Resultado necesario de esta situación fue el retorno a la historia alemana. La esperanza de un renacimiento nacional toma sus fuerzas parcialmente de la resurrección de la pasada grandeza nacional. La lucha por esta grandeza nacional exige la investigación y representación artística de las causas históricas de la decadencia y ruina de Alemania. En los siglos precedentes, Alemania había sido un mero objeto de transformaciones históricas, pero ahora hace en ella su aparición la historización del arte antes y con mayor radicalidad que en el resto de los países occidentales, más desarrollados tanto en lo económico como en lo político.
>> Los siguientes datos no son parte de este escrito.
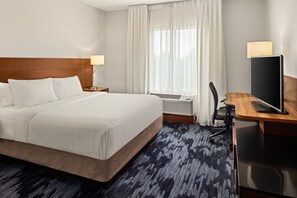 Cobrellits, matalassos amb encoixinament addicional i escriptori 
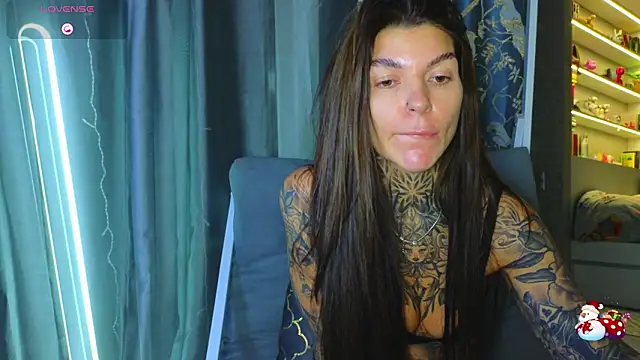 tattooedBabyy online show from February 16, 12:34 pm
Fue la Revolución francesa, la lucha revolucionaria, el auge y la caída de Napoleón lo que convirtió a la historia en una experiencia de masas, y lo hizo en proporciones europeas. Durante las décadas que van de 1789 a 1814, cada una de las naciones europeas atravesó por un mayor número de revoluciones que las sufridas en siglos. Y la rápida sucesión de estas transformaciones confiere a los cambios un carácter cualitativo muy peculiar, borra la impresión general de que se trata de "fenómenos naturales", hace visible el carácter histórico de las revoluciones con mucha mayor claridad de lo que suele suceder al tratarse de un caso aislado. Para sólo mencionar un ejemplo, recuérdense las memorias de juventud de Heine en su Buch Le Grand (Libro Le Grand), en que describe plásticamente la influencia que el rápido cambio de gobiernos ejerció en él cuando joven. Y si tales experiencias se combinan con el conocimiento de que parecidas revoluciones ocurren por doquiera en todo el mundo, resulta muy comprensible el extraordinario fortalecimiento de la idea de que hay una historia, de que esa historia es un ininterrumpido proceso de los cambios, y, finalmente de que esta historia interviene directamente en la vida del individuo.

Este tránsito de los cambios cuantitativos a cualitativos aparece también en la singularidad de estas guerras comparadas con todas las anteriores. Las guerras de los estados absolutistas de la época prerrevolucionaria habían sido realizadas por pequeños ejércitos profesionales. La práctica bélica tendía a aislar al ejército lo más posible de la población civil. (Abastecimiento de las tropas por depósitos especiales, el temor a la deserción, etc.) No en vano expresó Federico II de Prusia la idea de que una guerra debía llevarse a cabo de tal modo que la población civil ni se enterara de ella. El lema de las guerras del absolutismo rezaba: "La tranquilidad es el primer deber ciudadano.”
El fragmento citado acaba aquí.